06時00分わずか前A受審人は、ふと目を覚まし、船首至近に美島丸を認めたが、どうすることも出来ず、06時00分知床岬灯台から044度5.3海里の地点において、正福丸は、原針路、原速力のまま、その船首部が美島丸の船尾中央部に左舷後方から8度の角度で衝突した。
当時、天候は晴で風はほとんどなく、潮候は上げ潮の中央期で、付近には約1ノットの北東流があった。

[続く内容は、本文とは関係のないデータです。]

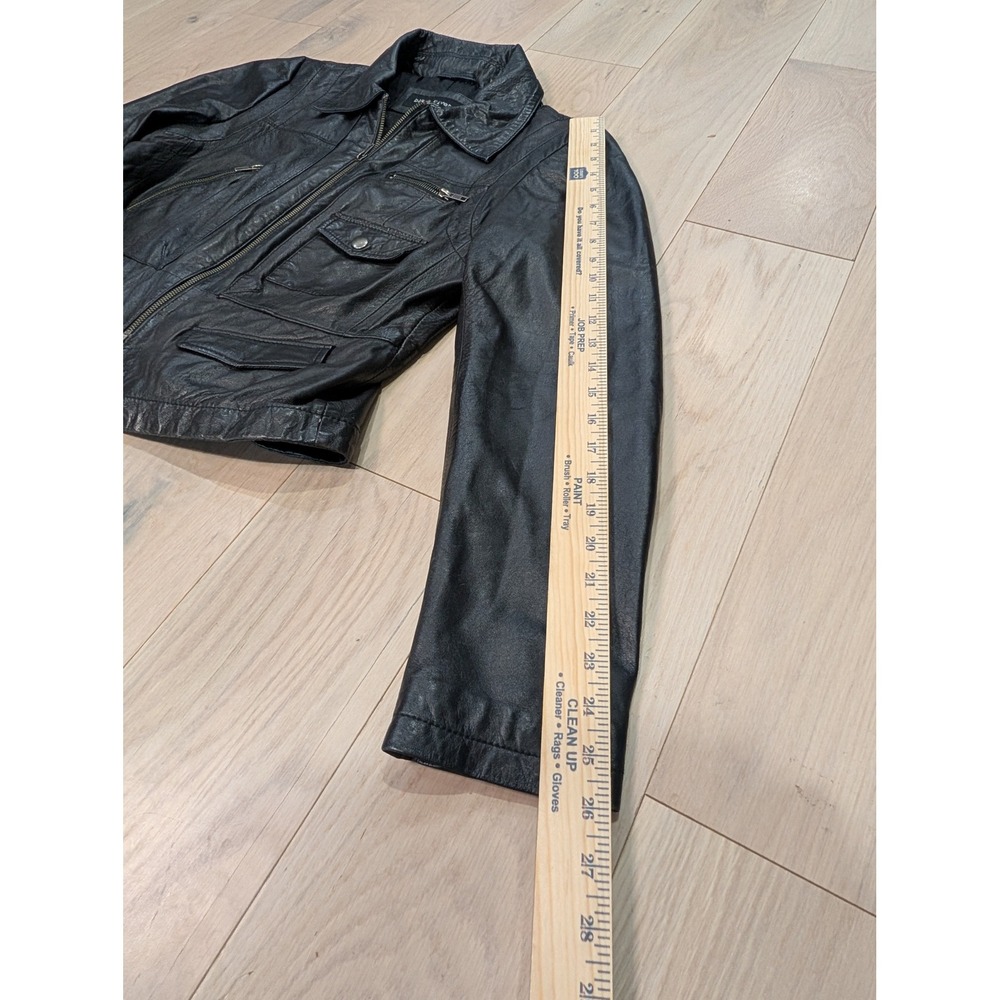 Black Rivet Genuine Leather Cropped Utility Large Jacket Y2K Moto | 100% Leather - Picture 7 of 16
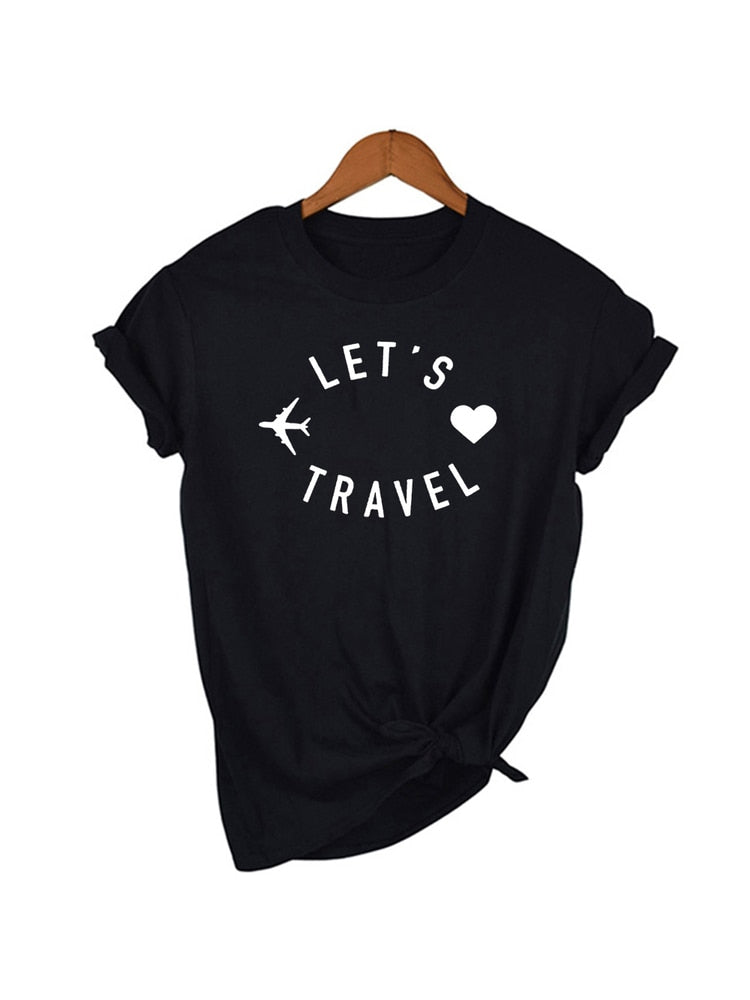 Let&#39;s Travel Print Women Aesthetic Harajuku T Shirts Casual Kawaii Summer Short Sleeve Trip Clothes Tees Tops Camisetas Mujer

また、美島丸は、刺網漁業に従事する鋼製漁船で、B受審人(昭和54年8月一級小型船舶操縦士免許取得)ほか4人が乗り組み、ほっけ刺網漁の目的で、船首0.5メートル船尾2.0メートルの喫水をもって、同日01時00分北海道知円別漁港を発し、03時00分知床堆付近の漁場に至り、漁労に従事していることを示す灯火を掲げずに前日設置した3放しの底刺網の揚網に取りかかった。
B受審人は、北東方向に入れた網を左舷船尾方に見るよう船首を南南西に向け、機関の前後進を適宜使い分けながら船底を潜らせた網を右舷船首部にある揚網機により巻き揚げたが、1放し約1,000メートルの網を30ないし40分かけて巻き揚げていたことから、網を入れた方向に沿って約1ノットの速力で移動することとなり、その速力、方向が潮流とほぼ同じであるため、他船からは漂泊状態と認められる状況であった。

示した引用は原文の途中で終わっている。